Ad 1): The primary data of the SaGA corpus are made up of 25 dialogs of interlocutors which engage in a spatial communication task combining direction-giving and sight description. The stimulus is a model of a town presented in a Virtual Reality (VR) environment. The VR scenario affords better determination and experimental control of the content of multimodal messages. Additionally, it secures that all participants receive the same stimulus. Upon finishing a “bus ride” through the VR town along five landmarks, a so-called router explained the route as well as the wayside landmarks to an unknown and naive follower. Our primary data consists of 25 dialogs. They make up 280 minutes video material containing 4961 iconic/deictic gestures, approximately 1000 discourse gestures and 39,435 words.
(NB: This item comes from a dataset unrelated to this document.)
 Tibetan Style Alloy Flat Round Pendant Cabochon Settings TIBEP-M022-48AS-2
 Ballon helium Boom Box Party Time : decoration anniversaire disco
Ad 2): The data has been completely annotated based on two annotation manuals. All gestures have been segmented in order to specify the stroke phase. The strokes are then typed for belonging to a certain kind, namely deictic, iconic or discourse (hybrids are allowed). The classification of iconic gestures furthermore distinguishes eight representation techniques. Each gesture has been coded for its morphology consisting of handshape, wrist position, palm orientation, and back of hand orientation. Movements within any of these dimensions is coded in terms of movement features, syntactically built by concatenating static feature-value atoms. We also transcribed interlocutors' speech on the level of words. Speech is enriched with information about the overall discourse context, that is, in terms of theme and rheme, given and new, and private and shared.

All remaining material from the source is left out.